[-empyre-] code
Dirk Wrote:
Digital "meaning" is *not* the same as analog (= socio-cultural)
"meaning". It's important for digital writers - particulary those
who don't write their own interpreter programs - to recognize that
any analogy goes through a semantic ADDA conversion, which was done
by at least one program written by at least one programmer who /has/
to use a hierachy at the core of any program, just to make it work
on a digital machine. A programmer's use for heterarchies of any
kind (including heterarchies of meaning) is very limited, and making
good programmatical use of heterarchies - e.g. in parallel computing
- is considered to be in the realm of High Art among programmers.
Seaman
Digital meaning arises in relation to a social/cultural frame. Code
is also social and cultural because the person writing it can not
escape his embodied knowing mechanisms (especially if they are shared
approaches). These can not be separated out from his social knowing
--- in fact these abstraction methodologies and mathematical
procedures are extensions of linguistic potentialities.

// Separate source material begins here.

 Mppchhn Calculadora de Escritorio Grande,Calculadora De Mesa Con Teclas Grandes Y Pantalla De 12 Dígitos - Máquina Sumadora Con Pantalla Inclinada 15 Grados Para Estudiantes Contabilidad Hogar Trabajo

Hamilton and Bonk provide this perspective:
A computer language is a notation for the unambiguous description of
computer programmes. Such languages are synthetic in their
vocabulary; punctuation, grammar, syntax and semantics are precisely
defined in the context of a particular operating system. They suffer
from an inability to cope with autonomous expression - an essential
attribute of an organic language. The poetic of computers lies in the
genius of individual programmers to express the beauty of their
thought using such an inexorable medium. (Hamilton & Bonk, 1997,
p.309)
HAMILTON, R. and BONK, E. 1997. The Typosophic Texture.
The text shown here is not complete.